T.J. Maxx – which is part of TJX that also owns Marshalls and Home Goods Associates – has been paying employees despite closing dozens of stores, Gold said. “This is very unique but it’s a business that has done very well and it’s hard to find good employees. This is a way to ensure the associates stay with you.”
Letty Gonzalez, owner of La Boutique fashion store in San Juan, said the island’s logistics nightmare is hurting sales. “It’s been hard. It’s been two and a half months and I am still not getting my UPS packages. UPS is no longer guaranteeing second-day deliveries.”
She also cancelled buying trips to Los Angeles to buy collections for her store – which is focused on contemporary fashion and streetwear – in order to cut expenses after losing nearly thee months of sales.
Gonzalez said Christmas trade is going well but expects the hike will be short lived. Come the New Year, “when people have to start paying their bills, credit cards and mortgages, you are going to really see the effect of what happened,” she noted.
Meanwhile, retailers are scrambling to move merchandise through cluttered ports and damaged roads in time for Christmas. Much of the clothes Puerto Rico imports come from Jacksonville, Miami and Philadelphia warehouses.

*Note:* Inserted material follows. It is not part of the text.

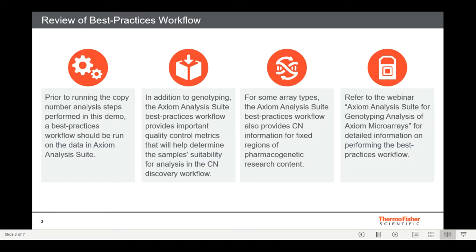While the tutorial in this webinar will focus on copy number, I'd like to first review what we call the best practices workflow in Axiom Analysis Suite. For all Axiom Array types, the best practices workflow performs sample QC and genotyping. Since we want to include high-quality samples in our later copy number discovery workflow, the sample QC metrics resulting from the best practices workflow are important to evaluate and will help us decide whether a certain sample should be excluded from copy number analysis. Therefore, it's recommended to run the best practices workflow on your samples prior to running the copy number discovery workflow.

“There are problems with the ports. Hundreds of containers have been stuck for weeks,” said Wal-Mart
spokesman Ivan Baez. “Merchandise is not flowing” rapidly enough for the season.
The company is struggling to deliver goods to its 48 Puerto Rico stores, which are fully operational except for a shattered Wal-Mart hypermarket and Sam’s Club under repair. Wal-Mart’s outlets shuttered for four days after Maria’s landfall, he said. Baez said Maria levelled Wal-Mart’s Puerto Rican headquarters in the central-east town of Caguas, forcing it to shift operations further south to Humacao near the coast, where the damaged Wal-Mart Supercenter is located.
To meet the challenge, the retailer is rushing to negotiate better terms with shipping companies Crowley and Tote to speed clothing, footwear and home product deliveries from its main Jacksonville, Fla., distribution center. “Carriers have agreed to make more special spaces for us but the main challenge is to move trucks to our stores. We need more trucks and more truck drivers,” Baez said.
Despite the challenges, the merchant has “been improving sales very fast and we don’t foresee a severe decline in sales” this year, Baez said, adding that turnover was rising before Irma and Maria hit Puerto Rico.